Act of 1952 — Section 212(a)(20) [ 8 U.S.C. 1182(a)(20)] — Former immigrant alien who, in addition to having abandoned his residence in the United States, was not and is not in possession of any valid entry documentation; and

Act of 1952 — Section 212(a)(22) [ 8 U.S.C. 1182(a)(22)] — Former immigrant alien who departed from or remained outside the United States to avoid training or service in the United States armed forces during a national emergency

ON BEHALF OF APPLICANT: Michael D. Finnegan, Esquire Simmons Ungar 517 Washington Street San Francisco, California 94111

BY: Milhollan, Chairman; Maniatis, Appleman, Maguire, and Farb, Board Members


In a decision dated September 9, 1977, an immigration judge found the applicant excludable under sections 212(a)(20) and 212(a)(22) of the Immigration and Nationality Act, 8 U.S.C. 1182(a)(20) and (22). The immigration judge has certified his decision to us for review. We affirm.

The applicant is a 31-year-old native and citizen of Mexico who was admitted to the United States for permanent residence on September 14, 1965. On or about September 21, 1965, the applicant enlisted in the United States Army (Ex. 3), and completed basic training at Fort Polk, Louisiana (Tr. p. 5). The applicant was then assigned to duty at Fort Riley, Kansas (Tr. p. 5). On March 23, 1966, the applicant left Fort Riley without leave or authorization and returned to Mexico (Ex. 3; Tr. p. 5).

On June 4, 1967, the applicant was paroled into the United States to proceed to Fort Bliss, Texas for further action by the military.
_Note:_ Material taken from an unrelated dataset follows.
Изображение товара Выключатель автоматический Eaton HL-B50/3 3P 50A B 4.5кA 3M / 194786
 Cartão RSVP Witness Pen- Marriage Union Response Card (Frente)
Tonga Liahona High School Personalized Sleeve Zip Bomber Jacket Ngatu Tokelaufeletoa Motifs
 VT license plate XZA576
At an exclusion hearing held on December 18, 1974, the applicant testified that he reported back to the commander at Fort Bliss, at which time a "pre-trial" hearing was held (Tr. p. 7). The applicant was then placed in the stockade (Tr. p. 7). It appears from the record that the company commander told the applicant of his intention to seek a sentence of one year for the applicant's absence without leave (Tr. p. 7). The applicant testified that he was frightened at the thought of receiving such a sentence, and escaped from the stockade in August, 1967 (Tr. pp. 7, 8). He returned to Mexico in January, 1968 (Tr. p. 38), and, according to his testimony, did not seek to reenter the United States until November 5, 1974 (Tr. p. 11), at which time he presented himself for inspection as a returning resident alien seeking relief under President Ford's clemency program (Ex. 5). The Service charged the applicant with excludability under sections 212(a)(20) and (22) of the Act, and, after an exclusion hearing held on December 18, 1974, the immigration judge found both charges sustained.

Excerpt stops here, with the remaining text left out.